“Turning Adversaries into Partners” is Part III of William Ury’s book, Getting Past No: Negotiating in Difficult Situations (New York: Bantam, 2007), pp. 157-171. I strongly encourage you buy and seriously study Ury’s book.
Ury says the theme throughout your negotiation is to “…treat your opponent with respect-not as an object to be pushed, but as a person to be persuaded. Your goal is not to win over them, but to win them over.” Ury further explains that in order to accomplish this goal, “…you need to resist normal human temptations and do the opposite of what you naturally feel like doing. You need to suspend your reaction when you feel like striking back, to listen when you feel like talking back, to ask questions when you feel like telling your opponent the answers, to bridge your differences when you feel like pushing for your way, and to educate when you feel like escalating.” Getting Past No, p. 160. Achieving these aspirations presents a great challenge to most lawyers. Ury provides five steps to accomplish these goals and have successful negotiations:
- Go to the Balcony. “The first step is not to control the other person’s behavior. It is to control your own. When the other person says no or launches an attack, you may be stunned into giving in or counterattacking.” Try to suspend your normal reaction, buy yourself some time and reflect on your interests and BATNA and those of the other party. “Instead of getting mad or getting even, focus on getting what you want. Don’t react: Go to the balcony.” Getting Past No, p. 169.
- Step to Their Side. Create a favorable climate, by defusing the anger, fear and suspicion on the other side. “They expect you to attack or to resist. So do the opposite. Listen to them, acknowledge their points, and agree with them wherever you can. Acknowledge their authority and competence too. Don’t argue: Step to their side.” Getting Past No, p. 169.
- Reframe.
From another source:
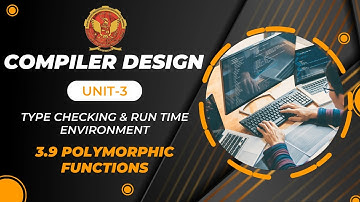 3.9 Polymorphic Functions | CS603(C) |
When the other side takes a hard-line position, “direct their attention to the challenges of meeting each side’s interests.” Reframe what they say and ask questions such as, “Why is it that you want that?” or “What would you do if you were in my shoes?” “Rather than trying to teach the other side yourself, let the problem be their teacher. Don’t reject: Reframe.” Getting Past No, p. 170.
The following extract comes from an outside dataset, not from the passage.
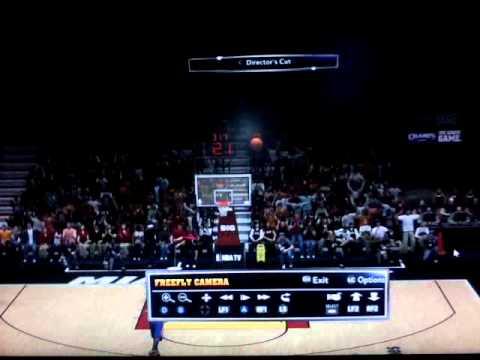 Kos preku ceo terena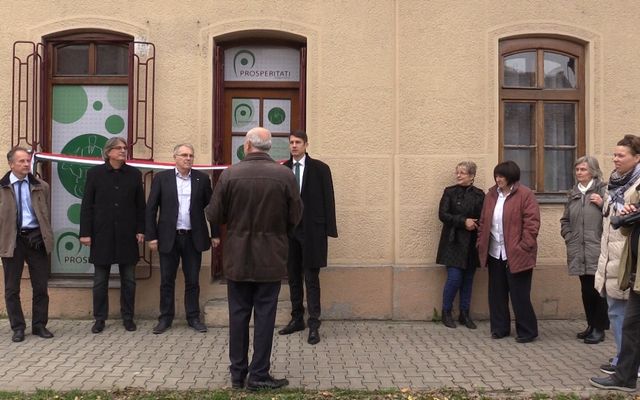 Prosperitati Alapítvány irodamegnyitója, Pancsova (képek)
- Build Them a Golden Bridge. If the other party stalls, do not push and resist, thus causing them to harden their stance. “Instead, do the opposite-draw them in the direction you would like them to go. Think of yourself as a mediator whose job is to make it easy for them to say yes. Involve them in the process, incorporating their ideas. Try to identify and satisfy their unmet interests, particularly their basic human needs. Help them save face and make the outcome appear as victory for them. Don’t push: Build them a golden bridge.” Getting Past No, p. 170.
- Use Power to Educate. “If the other side still resists and thinks they can win without negotiating, you need to educate them to the contrary. ….educate them about the costs of not agreeing. Ask reality-testing questions, warn rather than threaten, and demonstrate your BATNA. Make sure they know the golden bridge is always open. Don’t escalate: Use power to educate.” Getting Past No, pp. 170, 171.
Ury says turn your adversary into a partner. “It takes two to tangle, but it takes only one to begin to untangle a knotty situation. It is within your power to transform even your most difficult relationships. Your greatest power is the power to change the game-from face-to-face confrontation to side-by-side joint problem-solving.” Getting Past No, p. 171.
Negotiation Tip: Bad words isolate. Good words connect. A negotiator’s tone of voice can determine if a word is perceived as good or bad.